For conversion from a basic type to class type, the constructors can be used. But for conversion from a class type to basic type constructors do not help at all. In C++, we have to define an overloaded casting operator that helps in converting a class type to a basic type.

The syntax of the conversion function is given below:

Operator typename()

{

.......

....... //statements

}

Here, the function converts a class type data to typename. For example, the operator float ( ) converts a class type to type float, the operator int ( ) converts a class type object to type int. For example,

matrix :: operator float ()

{

float sum = 0.0; for(int i=0;i<m;i++)

{

for (int j=0; j<n; j++) sum=sum+a[i][j]*a[i][j];

}

Return sqrt(sum); //norm of the matrix

}

Here, the function finds the norm of the matrix (Norm is the square root of the sum of the squares of the matrix elements). We can use the operator float ( ) as given below :

float norm = float (arr);

float norm = arr;

where arr is an object of type matrix. When a class type to a basic type conversion is required, the compiler will call the casting operator function for performing this task.

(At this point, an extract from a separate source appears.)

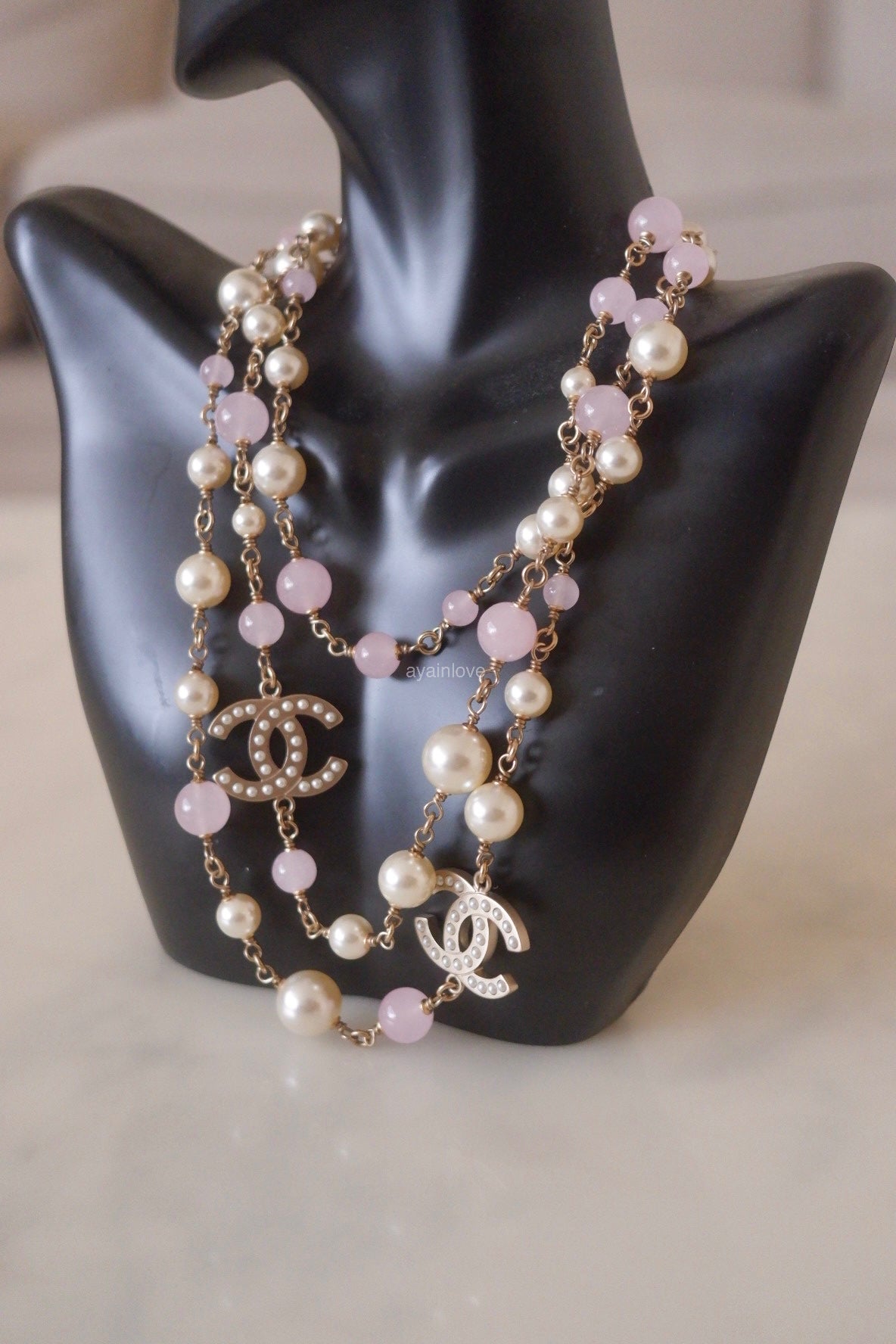 CHANEL 18P Pink White Pearl CC Long Necklace Light Gold Hardware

The following conditions should be satisfied by the casting operator function :

(a) It must not have any argument

(b) It must be a class member

(i) One Class Type to Another Class Type

There may be some situations when we want to convert one class type data to another class type data. For example,

Obj2 = obj1; //different type of objects

Suppose obj1 is an object of class studdata and obj2 is that of class result. We are converting the class studdata data type to class result type data and the value is assigned to obj2. Here studdata is known as source class and result is known as the destination class.

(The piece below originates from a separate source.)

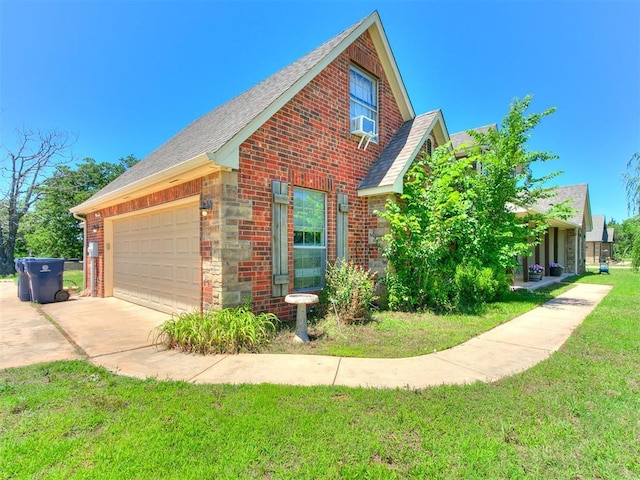 5509 Old Town St, Newalla, OK 74857 - view of property exterior featuring brick siding, a yard, a shingled roof, concrete driveway, and a garage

The above conversion can be performed in two ways :

(a) Using a constructor.

(b) Using a conversion function.

When we need to convert a class, a casting operator function can be used i.e. source class. The source class performs the conversion and result is given to the object of destination class.

If we take a single-argument constructor function for converting the argument’s type to the class type (whose member it is). So the argument is of the source class and being passed to the destination class for the purpose of conversion. Therefore it is compulsory that the conversion constructor be kept in the destination class.

Example:

# include <iostream.h>

# include <conio.h>

class in1

{

int code,items;

float price;

public:

in1(int a,int b,int c)

{

code=a;

items=b;

price=c;

}

void putdata()

{

cout<<"CODE= "<<code<<endl;

cout<<"ITEMS= "<<items<<endl;

cout<<"VALUE= "<<price<<endl;

}

int getcode()

{

return code;

}

int getitems()

{

return items;

}

int getprice()

{

return price;

}

Operator float ()

{

return items*price;

}

};

class in2

{

int code;

floatvalue;

public:

in2()

{

code=0;

value=0;

}

in2(int x,float y)

{

code=x;

value=y;

}

void putdata()

{

cout<<"CODE= "<<code<<endl;

cout<<"VALUE= "<<value<<endl;

}

in2(in1 p)

{

code=p.getcode();

value=p.getitems()*p.getprice();

}

};

main()

{

clrscr();

in1 s1(100,5,140.0);

float tot_value;

in2 d1;

tot_value=s1;

d1=in1(s1);

cout<<"PRODUCT DETAILS INVENT-1 TYPES:->"<<endl;

s1.putdata();

cout<<"STOCK VALUE"<<endl;

cout<<"VALUE= "<<tot_value<<endl;

cout<<"PRODUCT DETAILS INVENT-2 TYPES:->"<<endl;

d1.putdata();

}

OUTPUT:

PRODUCT DETAILS INVENT-1 TYPES:->

CODE= 100

ITEMS= 5

VALUE= 140

STOCK VALUE

VALUE= 700

PRODUCT DETAILS INVENT-2 TYPES:->

CODE= 100

VALUE= 700